Scale A scale is the characteristic secondary lesion occurring in psoriasis. Although crusts, ulcers, and scars also are secondary lesions in skin disorders, they don't occur with psoriasis.

Biopsies are performed on which of the following? Select all that apply.

Skin nodules Plaques Ulcers Blisters

Sudoriferous glands secrete which type of substance?

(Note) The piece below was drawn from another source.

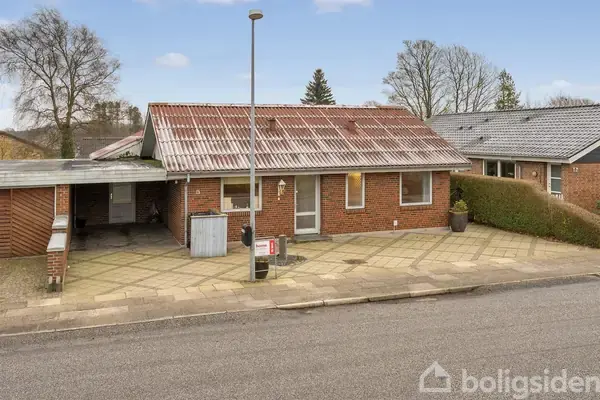 Villa på Syrenvej 5, 7400 Herning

Sweat Rationale: Sudoriferous glands are long, coiled tubes that secrete sweat through a duct on the body's surface. Sebaceous glands secrete oil (sebum). Endocrine glands secrete hormones. Together, ceruminous and sebaceous glands secrete cerumen

A client is concerned about finding a few strands of hair on a pillow after sleeping and additional strands on the brush when styling the hair. Which response will the nurse make regarding the client's concern?

There are approximately 100 strands of hair lost per day." Throughout a person's life, hair follicles undergo continuous cycles of growth, transition, and rest. The rate of growth varies and the hair follicle can be in a growth, involution, or resting phase. Approximately 5% to 10% of hair is in the resting phase when shedding occurs. A person will typically shed approximately 100 scalp hairs each day. Losing hair does not mean the hair follicle is dying. Finding hair strands on a pillow or brush is not unusual and does not need to be evaluated. Most people who lose hair do not have an undiagnosed illness.

Petechiae are associated with which of the following disorders?

Thrombocytopenia Petechiae are small lesions that are red or purple in color. They are associated with broken capillaries or indicative of platelet abnormalities, specifically thrombocytopenia. Petechiae are not associated with deep vein thrombosis, pulmonary emboli, or ARDS.

The nurse examines a patient and notices a herpes simplex/zoster skin lesion. How does the nurse document this lesion? a. Macule b. Papule c. Vesicle d. Wheal

Vesicle A vesicle is a circumscribed, elevated, palpable mass containing serous fluid less than 0.5 cm. Examples include herpes simplex/zoster, varicella, poison ivy, and 2nd-degree burn (blister).